─── Records to process

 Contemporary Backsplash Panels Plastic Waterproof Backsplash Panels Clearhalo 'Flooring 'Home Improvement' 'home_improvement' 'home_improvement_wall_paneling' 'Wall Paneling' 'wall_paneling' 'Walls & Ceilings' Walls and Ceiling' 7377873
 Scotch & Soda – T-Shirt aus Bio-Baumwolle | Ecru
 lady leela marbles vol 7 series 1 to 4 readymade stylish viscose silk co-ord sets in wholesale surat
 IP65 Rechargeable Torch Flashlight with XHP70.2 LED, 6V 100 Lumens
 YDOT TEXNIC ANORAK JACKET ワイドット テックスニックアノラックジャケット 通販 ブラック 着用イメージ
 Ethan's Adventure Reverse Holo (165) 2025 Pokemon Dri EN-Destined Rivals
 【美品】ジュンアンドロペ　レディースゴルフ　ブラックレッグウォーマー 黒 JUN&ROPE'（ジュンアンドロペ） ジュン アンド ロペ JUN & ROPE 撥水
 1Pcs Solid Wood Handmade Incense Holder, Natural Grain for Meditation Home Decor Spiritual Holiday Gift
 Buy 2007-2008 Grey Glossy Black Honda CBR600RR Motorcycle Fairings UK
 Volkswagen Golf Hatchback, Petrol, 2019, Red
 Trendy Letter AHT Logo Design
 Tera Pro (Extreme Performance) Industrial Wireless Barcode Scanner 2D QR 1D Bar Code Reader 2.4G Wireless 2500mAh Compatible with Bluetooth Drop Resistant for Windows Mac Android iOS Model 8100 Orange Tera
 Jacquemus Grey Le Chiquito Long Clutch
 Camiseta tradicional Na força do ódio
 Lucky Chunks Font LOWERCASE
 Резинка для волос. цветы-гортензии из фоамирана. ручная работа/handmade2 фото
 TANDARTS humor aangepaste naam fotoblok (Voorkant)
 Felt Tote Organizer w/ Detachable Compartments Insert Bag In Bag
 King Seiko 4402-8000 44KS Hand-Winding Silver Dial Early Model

──────

What you are asked to do>
In how many lines of the data does the string "with" appear? Give only the number.

Solution to this exercise>
2